== Recorded information ==
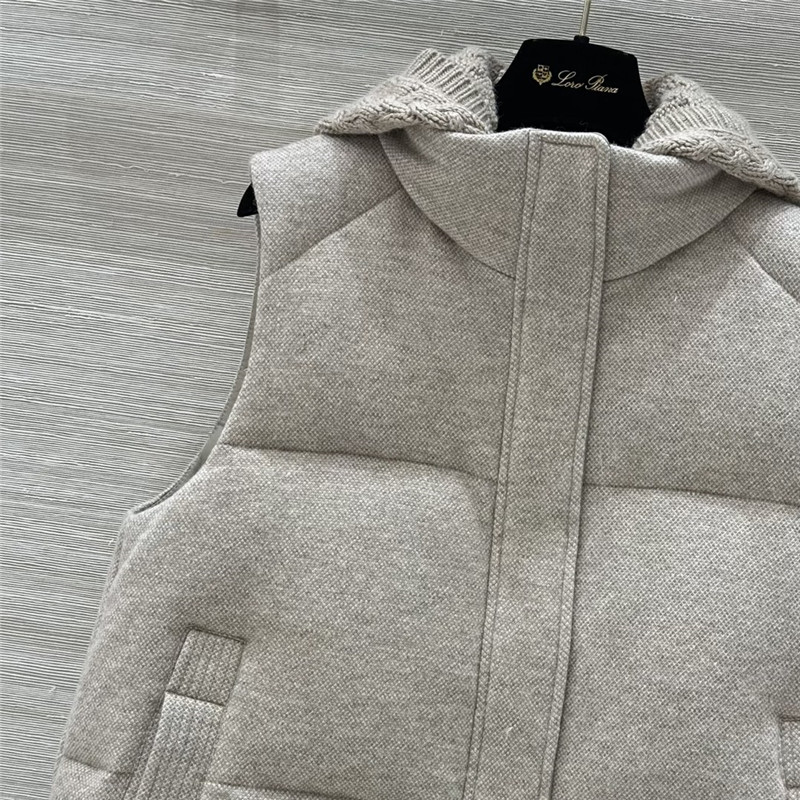 L0r0 P1ana cashmere down vest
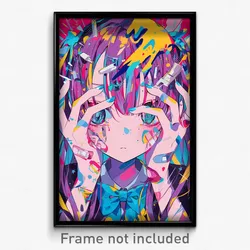 Anime Art Poster - Girl Feeling Disheartened Wearing Heavenly Bowtie (Print)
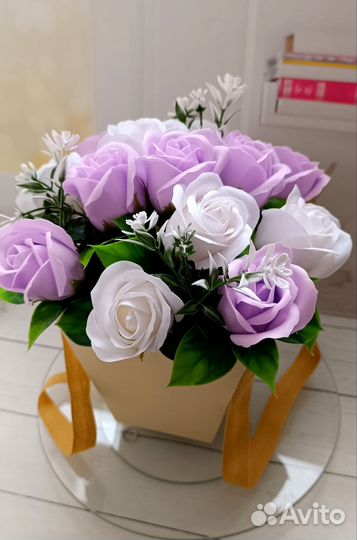 Букет из мыльных цветов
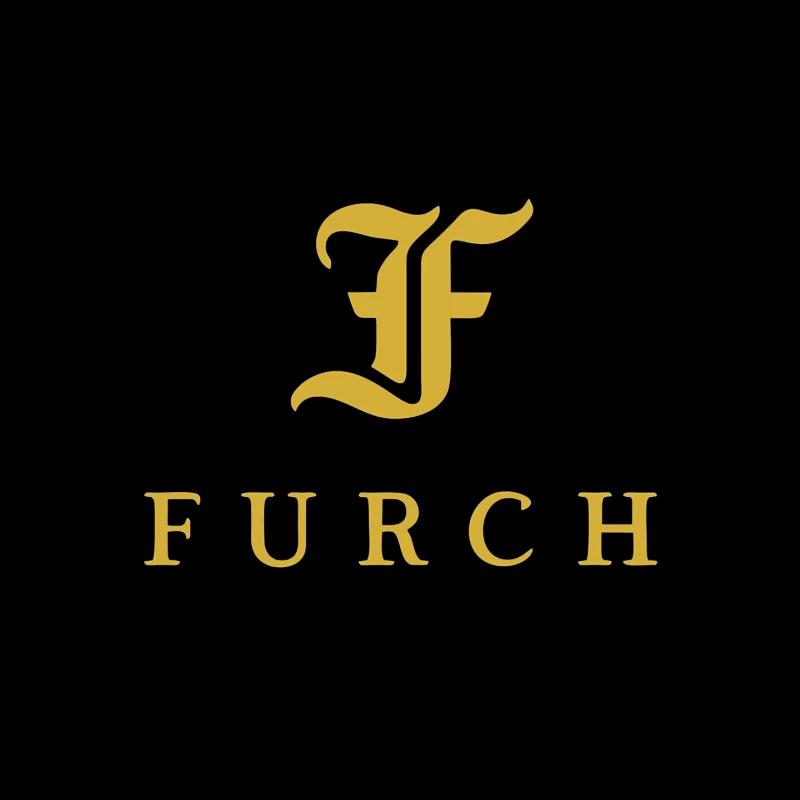 Furch Gold Logo - Luxury Minimalist Typography Design Mouse Pad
===
Output verbatim the lines beginning at the line with "Anime Art Poster" and ending at the last line of the material above, inclusive. Do not carry over any pictures.

 Anime Art Poster - Girl Feeling Disheartened Wearing Heavenly Bowtie (Print)
 Букет из мыльных цветов
 Furch Gold Logo - Luxury Minimalist Typography Design Mouse Pad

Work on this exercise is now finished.